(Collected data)

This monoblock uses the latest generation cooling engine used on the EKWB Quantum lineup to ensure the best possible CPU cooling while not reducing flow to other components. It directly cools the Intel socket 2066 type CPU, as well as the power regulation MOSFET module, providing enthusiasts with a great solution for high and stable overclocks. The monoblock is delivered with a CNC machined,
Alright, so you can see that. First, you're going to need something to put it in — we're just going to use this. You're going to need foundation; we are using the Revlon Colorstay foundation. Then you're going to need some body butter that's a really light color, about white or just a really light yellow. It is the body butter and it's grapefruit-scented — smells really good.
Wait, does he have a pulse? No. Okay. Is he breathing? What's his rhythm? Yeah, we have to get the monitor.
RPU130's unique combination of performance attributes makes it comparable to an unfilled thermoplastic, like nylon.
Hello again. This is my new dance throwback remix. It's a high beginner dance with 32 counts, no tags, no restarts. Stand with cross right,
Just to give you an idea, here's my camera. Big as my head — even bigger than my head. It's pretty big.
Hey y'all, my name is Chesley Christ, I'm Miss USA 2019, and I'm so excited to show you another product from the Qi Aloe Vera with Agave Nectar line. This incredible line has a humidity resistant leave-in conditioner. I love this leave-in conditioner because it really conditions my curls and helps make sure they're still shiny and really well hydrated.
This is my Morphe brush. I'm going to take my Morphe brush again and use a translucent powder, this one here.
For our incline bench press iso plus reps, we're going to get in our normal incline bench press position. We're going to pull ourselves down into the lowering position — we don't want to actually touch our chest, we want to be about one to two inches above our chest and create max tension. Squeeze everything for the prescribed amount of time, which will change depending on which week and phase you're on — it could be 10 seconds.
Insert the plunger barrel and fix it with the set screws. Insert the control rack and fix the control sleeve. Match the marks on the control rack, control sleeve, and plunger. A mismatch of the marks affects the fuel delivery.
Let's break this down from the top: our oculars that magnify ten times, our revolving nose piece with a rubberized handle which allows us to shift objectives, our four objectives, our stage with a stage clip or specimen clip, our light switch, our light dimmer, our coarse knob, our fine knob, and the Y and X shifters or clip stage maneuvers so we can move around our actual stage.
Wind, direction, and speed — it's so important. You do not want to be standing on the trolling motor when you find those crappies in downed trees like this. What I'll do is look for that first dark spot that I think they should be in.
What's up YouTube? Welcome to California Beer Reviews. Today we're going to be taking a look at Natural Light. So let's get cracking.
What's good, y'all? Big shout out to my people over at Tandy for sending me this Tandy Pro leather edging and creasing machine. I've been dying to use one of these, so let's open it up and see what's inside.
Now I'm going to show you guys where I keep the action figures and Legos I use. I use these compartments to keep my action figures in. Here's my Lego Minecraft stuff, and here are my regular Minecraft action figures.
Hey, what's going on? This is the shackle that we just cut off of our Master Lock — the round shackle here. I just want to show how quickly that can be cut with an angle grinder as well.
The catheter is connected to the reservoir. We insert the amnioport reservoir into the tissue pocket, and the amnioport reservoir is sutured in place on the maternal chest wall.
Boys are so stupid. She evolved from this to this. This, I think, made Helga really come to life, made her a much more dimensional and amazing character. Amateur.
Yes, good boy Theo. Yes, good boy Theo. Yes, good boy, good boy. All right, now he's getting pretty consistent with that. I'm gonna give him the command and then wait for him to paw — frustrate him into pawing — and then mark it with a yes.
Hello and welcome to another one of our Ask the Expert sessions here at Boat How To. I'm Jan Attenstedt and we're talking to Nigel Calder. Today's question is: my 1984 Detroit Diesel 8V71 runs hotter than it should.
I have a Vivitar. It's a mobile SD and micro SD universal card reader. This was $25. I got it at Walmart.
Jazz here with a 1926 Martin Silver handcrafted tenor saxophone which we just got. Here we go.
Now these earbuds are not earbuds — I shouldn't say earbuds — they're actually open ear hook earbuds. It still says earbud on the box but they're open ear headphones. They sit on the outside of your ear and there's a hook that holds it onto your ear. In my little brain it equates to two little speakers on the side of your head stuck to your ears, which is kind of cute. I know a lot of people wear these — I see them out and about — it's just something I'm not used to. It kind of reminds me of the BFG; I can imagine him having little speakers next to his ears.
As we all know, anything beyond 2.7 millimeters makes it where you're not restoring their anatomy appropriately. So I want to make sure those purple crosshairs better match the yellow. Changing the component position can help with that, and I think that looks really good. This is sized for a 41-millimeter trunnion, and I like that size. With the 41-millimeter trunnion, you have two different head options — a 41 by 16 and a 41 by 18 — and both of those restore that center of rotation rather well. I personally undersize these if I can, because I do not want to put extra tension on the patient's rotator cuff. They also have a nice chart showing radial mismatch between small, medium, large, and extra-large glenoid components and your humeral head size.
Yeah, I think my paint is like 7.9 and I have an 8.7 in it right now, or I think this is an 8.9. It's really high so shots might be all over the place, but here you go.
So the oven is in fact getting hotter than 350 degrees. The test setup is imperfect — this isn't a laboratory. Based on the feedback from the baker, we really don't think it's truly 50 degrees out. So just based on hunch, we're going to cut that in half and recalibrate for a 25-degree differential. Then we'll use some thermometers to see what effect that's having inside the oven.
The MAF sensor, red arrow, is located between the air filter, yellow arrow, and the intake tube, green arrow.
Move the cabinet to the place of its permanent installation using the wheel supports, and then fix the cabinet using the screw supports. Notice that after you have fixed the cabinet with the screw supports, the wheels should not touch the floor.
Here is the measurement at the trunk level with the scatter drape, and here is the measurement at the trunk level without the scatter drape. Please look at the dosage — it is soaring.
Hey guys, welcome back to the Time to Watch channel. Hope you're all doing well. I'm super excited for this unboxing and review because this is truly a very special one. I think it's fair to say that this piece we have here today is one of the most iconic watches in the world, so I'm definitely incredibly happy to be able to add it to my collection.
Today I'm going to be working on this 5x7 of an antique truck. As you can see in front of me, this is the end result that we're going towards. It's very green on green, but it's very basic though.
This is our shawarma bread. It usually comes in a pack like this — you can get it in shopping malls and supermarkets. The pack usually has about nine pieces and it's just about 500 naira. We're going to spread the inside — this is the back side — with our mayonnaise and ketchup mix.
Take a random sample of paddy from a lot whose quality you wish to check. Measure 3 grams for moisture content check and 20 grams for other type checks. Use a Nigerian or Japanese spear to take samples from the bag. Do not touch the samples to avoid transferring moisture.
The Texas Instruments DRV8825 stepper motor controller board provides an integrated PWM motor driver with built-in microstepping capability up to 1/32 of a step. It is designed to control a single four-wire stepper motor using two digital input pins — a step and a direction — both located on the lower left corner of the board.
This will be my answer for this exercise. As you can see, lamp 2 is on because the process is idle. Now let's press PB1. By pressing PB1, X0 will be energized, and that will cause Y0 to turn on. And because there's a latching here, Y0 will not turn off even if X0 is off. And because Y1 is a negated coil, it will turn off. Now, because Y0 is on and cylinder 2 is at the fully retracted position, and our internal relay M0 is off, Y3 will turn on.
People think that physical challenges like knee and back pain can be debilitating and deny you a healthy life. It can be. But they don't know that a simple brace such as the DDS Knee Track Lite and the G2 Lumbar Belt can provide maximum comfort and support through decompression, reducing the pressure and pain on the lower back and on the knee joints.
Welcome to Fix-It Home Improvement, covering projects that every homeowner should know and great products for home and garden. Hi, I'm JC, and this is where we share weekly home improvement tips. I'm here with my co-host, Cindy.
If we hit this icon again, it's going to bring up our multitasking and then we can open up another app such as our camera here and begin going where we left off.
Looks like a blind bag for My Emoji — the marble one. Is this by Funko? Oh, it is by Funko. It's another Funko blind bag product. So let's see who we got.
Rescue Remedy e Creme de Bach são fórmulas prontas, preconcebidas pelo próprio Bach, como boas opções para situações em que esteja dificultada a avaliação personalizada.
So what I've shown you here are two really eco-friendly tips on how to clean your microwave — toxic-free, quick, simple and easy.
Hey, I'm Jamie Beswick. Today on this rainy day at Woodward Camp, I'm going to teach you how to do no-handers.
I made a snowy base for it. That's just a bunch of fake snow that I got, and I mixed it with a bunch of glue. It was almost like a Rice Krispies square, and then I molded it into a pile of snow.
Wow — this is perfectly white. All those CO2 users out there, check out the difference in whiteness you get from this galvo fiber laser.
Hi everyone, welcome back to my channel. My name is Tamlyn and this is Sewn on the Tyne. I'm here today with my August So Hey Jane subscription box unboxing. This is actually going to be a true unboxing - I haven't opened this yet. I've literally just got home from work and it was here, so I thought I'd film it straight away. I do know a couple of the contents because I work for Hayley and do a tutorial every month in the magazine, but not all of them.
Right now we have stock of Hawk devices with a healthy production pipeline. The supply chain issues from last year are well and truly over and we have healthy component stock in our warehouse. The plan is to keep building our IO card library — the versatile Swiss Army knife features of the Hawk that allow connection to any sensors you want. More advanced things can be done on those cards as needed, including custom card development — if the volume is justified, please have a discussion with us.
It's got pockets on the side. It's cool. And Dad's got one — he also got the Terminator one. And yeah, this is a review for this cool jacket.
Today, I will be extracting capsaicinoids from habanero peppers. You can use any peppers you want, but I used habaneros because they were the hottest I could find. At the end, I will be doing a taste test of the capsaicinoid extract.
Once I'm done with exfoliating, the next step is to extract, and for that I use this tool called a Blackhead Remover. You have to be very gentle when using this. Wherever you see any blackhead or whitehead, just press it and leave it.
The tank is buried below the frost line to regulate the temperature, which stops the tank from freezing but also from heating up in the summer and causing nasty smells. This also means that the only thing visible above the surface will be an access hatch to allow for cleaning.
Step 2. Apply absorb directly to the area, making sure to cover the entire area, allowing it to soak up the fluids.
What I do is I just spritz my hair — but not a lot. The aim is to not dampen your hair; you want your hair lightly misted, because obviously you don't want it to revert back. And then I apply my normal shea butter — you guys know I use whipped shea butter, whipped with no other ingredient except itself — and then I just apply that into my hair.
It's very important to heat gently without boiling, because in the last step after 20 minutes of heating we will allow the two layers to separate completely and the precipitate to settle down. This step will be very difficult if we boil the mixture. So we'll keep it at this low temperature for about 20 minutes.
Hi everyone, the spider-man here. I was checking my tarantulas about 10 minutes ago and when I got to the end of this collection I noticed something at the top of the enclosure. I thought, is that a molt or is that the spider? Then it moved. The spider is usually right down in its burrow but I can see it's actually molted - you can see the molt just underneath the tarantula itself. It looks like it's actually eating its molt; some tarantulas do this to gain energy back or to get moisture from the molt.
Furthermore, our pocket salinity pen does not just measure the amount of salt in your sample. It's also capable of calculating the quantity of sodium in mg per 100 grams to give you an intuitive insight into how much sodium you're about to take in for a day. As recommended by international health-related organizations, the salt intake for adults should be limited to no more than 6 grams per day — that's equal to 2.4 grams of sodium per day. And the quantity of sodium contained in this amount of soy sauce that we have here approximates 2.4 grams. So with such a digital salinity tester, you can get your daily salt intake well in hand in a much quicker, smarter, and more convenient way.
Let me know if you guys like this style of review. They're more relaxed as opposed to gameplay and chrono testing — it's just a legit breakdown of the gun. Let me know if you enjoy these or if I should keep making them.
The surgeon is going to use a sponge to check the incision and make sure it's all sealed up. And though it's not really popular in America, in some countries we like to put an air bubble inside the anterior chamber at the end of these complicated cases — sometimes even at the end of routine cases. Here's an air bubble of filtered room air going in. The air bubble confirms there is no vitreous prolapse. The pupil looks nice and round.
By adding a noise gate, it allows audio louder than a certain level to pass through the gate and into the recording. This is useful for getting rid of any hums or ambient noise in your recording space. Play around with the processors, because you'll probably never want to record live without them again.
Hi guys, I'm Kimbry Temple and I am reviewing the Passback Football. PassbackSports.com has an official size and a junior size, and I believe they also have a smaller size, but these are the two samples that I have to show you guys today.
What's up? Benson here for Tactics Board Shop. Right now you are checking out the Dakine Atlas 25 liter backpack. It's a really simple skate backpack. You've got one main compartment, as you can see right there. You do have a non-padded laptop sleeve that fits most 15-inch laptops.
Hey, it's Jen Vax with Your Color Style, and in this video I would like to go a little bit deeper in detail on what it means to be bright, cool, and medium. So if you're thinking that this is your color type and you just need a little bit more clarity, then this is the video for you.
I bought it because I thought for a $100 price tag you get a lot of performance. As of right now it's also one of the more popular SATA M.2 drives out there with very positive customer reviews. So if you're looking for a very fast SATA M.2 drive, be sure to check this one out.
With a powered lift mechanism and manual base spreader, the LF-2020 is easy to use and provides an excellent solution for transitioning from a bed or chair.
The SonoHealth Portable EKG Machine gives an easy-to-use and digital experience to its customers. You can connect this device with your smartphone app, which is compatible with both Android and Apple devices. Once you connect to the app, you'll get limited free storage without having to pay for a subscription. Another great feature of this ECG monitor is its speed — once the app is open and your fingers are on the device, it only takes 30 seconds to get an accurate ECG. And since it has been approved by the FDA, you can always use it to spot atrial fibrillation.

• **Work task**
Across the data, how many lines contain the string "pretty"? Only the number is wanted.

• **Finished exercise**
2